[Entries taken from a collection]
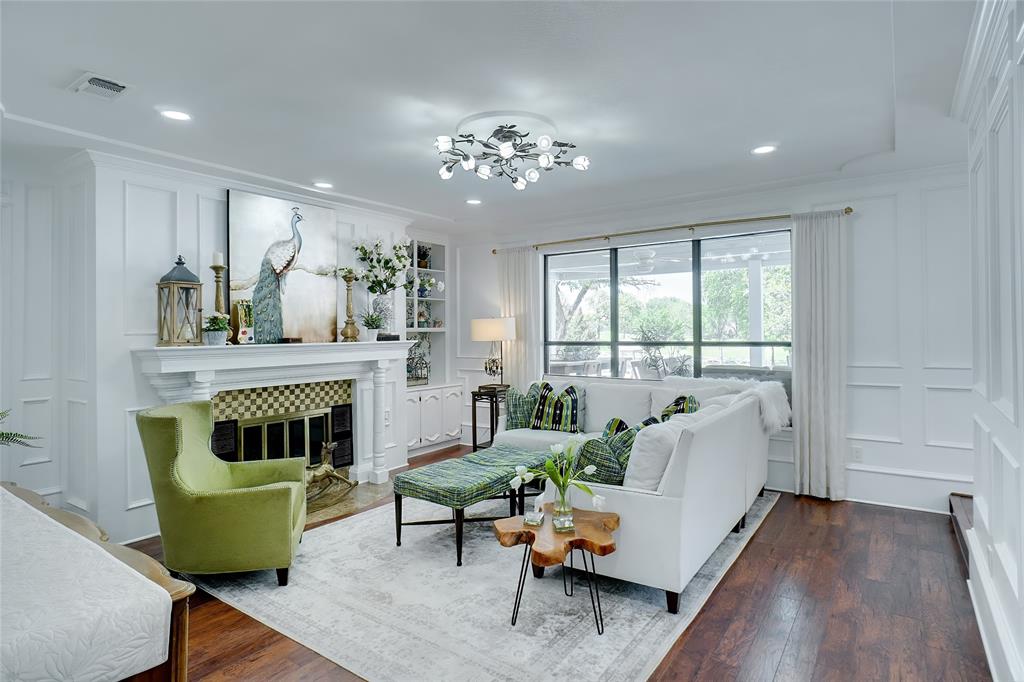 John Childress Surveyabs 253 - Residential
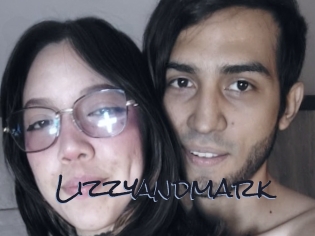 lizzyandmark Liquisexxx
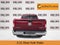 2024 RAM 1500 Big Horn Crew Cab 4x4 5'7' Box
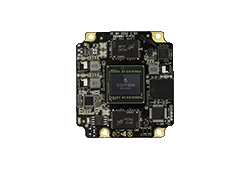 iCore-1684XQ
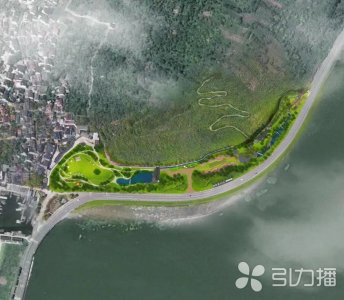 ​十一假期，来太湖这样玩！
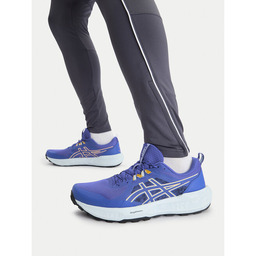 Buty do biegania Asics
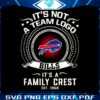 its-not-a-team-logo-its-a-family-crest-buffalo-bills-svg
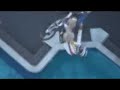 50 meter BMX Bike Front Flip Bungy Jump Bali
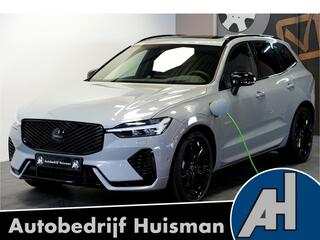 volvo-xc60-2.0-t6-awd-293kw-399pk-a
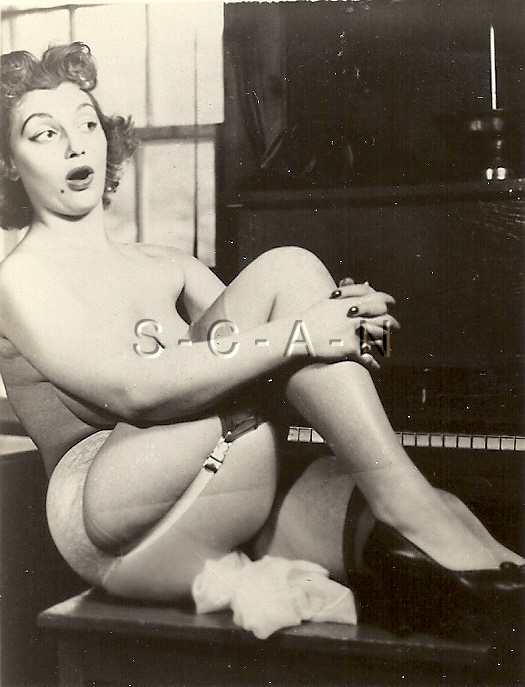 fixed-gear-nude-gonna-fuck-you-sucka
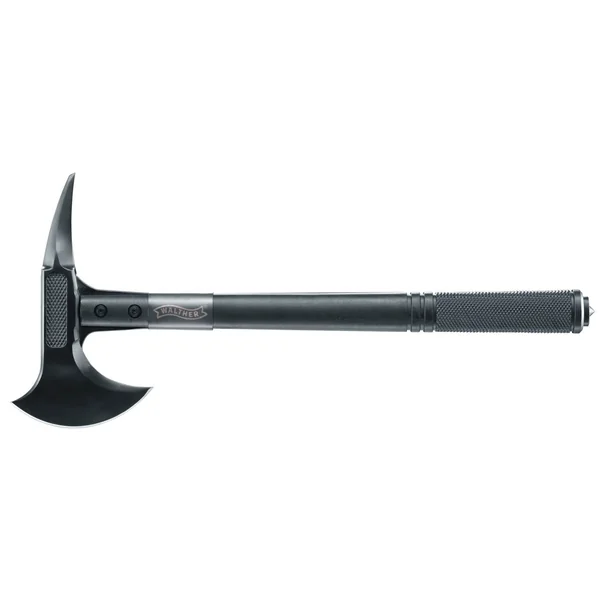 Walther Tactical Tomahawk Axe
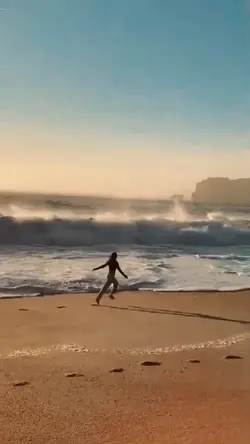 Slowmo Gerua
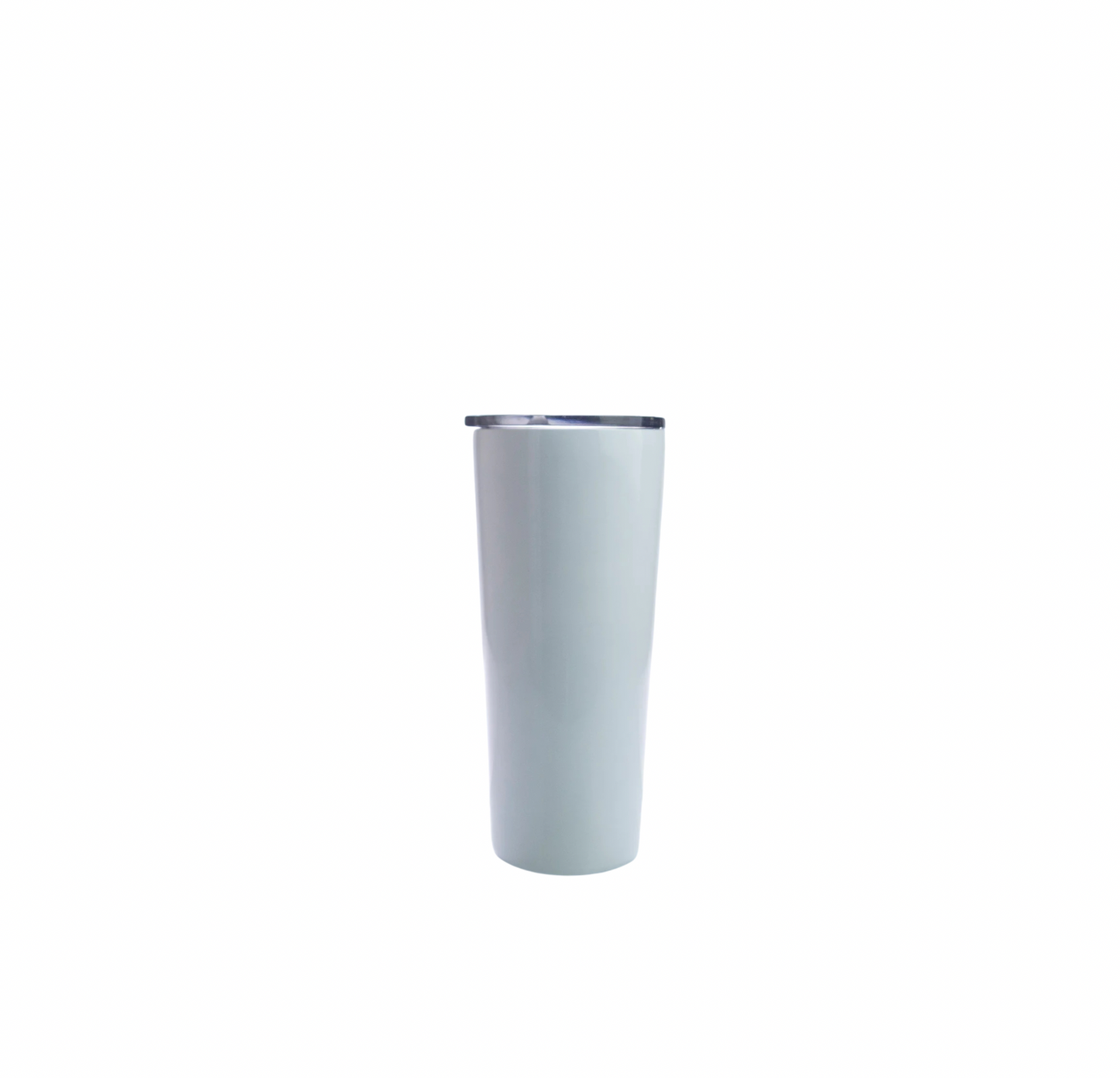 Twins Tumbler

- _Aim of the task_: Pictures are to be omitted. The lines from the line holding "Walther Tactical Tomahawk Axe" through the closing line of the data above are to be set down exactly, and nothing more.

- _Solution to this exercise_:
 Walther Tactical Tomahawk Axe
 Slowmo Gerua
 Twins Tumbler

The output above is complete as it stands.